Traditions have grown up around Father Christmas. Traditionally in Britain letters to Father Christmas were burnt on an open fire, so that the wish list would transport itself up the chimney and to its destination. With the lack of open fire places and the advance of the internet, postal systems promise a return letter from him. New traditions are appearing. A child’s visit to see Father Christmas at a school fete or in a department store to tell him what they would like, is still very popular. Many stores like Selfridges in London having spectacular Christmas Grottos and in Melbourne, Australia, the Myer Christmas windows are a must see event during the festive season.

Father Christmas and Christmas Eve

On Christmas Eve it is a tradition in Britain for sherry, mince pies and a carrot to be left out and in North America a glass of milk and cookies, for Father Christmas and his reindeer. Sadly even political correctness seems to have taken over for Father Christmas. Drink driving now a major issue for Father Christmas. Ask any Father Christmas these days in his Grotto what he would like to have left out on Christmas Eve, water or milk is almost the norm. The final ritual on Christmas Eve is the hanging out of the stocking, in the hope it will be filled with toys. And for many they will find the stocking at the bottom of their bed on Christmas Day morning. The other presents laid beneath the Christmas Tree.
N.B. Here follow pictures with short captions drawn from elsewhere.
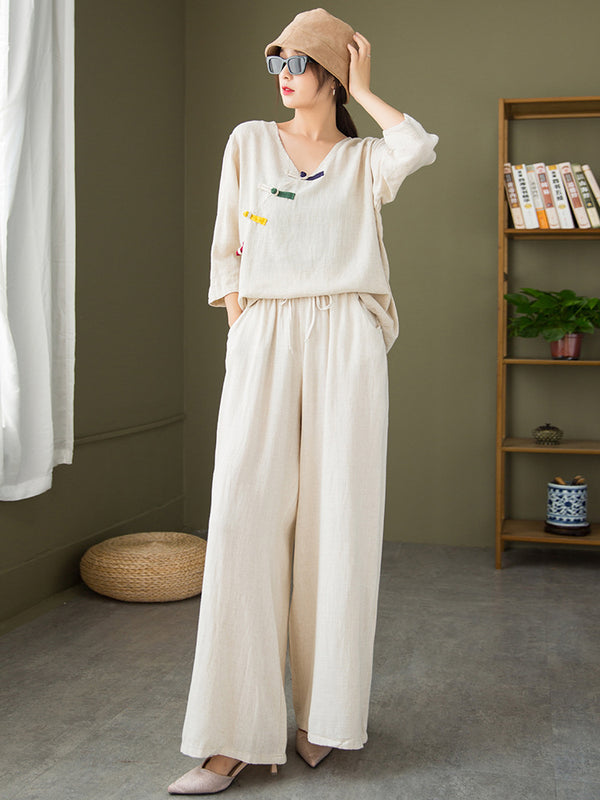 2021 Autumn NEW! Women Round Collar Zen Style Linen and Cotton Long Sleeves Side Cardigan Jacket and Pants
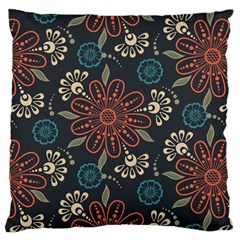 Retro Texture With Orange Flowers Floral Large Cushion Case (one Side) by Paksenen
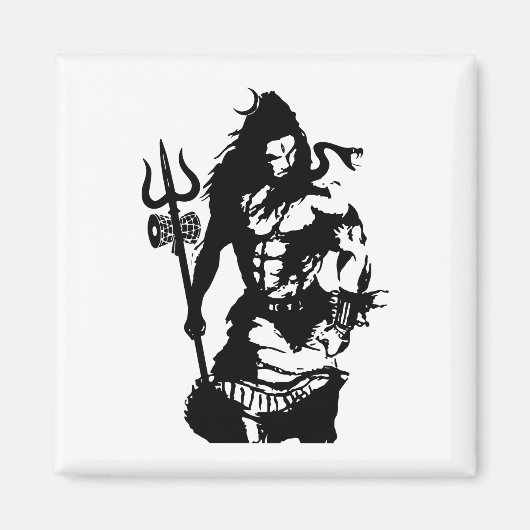 Lord Shiva Art Angry Trishul Magneet (Voorkant)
Father Christmas has moved from a pagan mythical figure, to bishop with a white robe (as celebrated in Holland) to a jolly, plump white bearded man in a red coat and trousers with, white fur trimmings, a big black belt and black boots. No one knows where he lives. In North America it is the North Pole, in Europe somewhere in the Arctic Circle but the myth continues. What is known, he will deliver to the good child and not to those on the naughty list. A tradition dating back to Odin.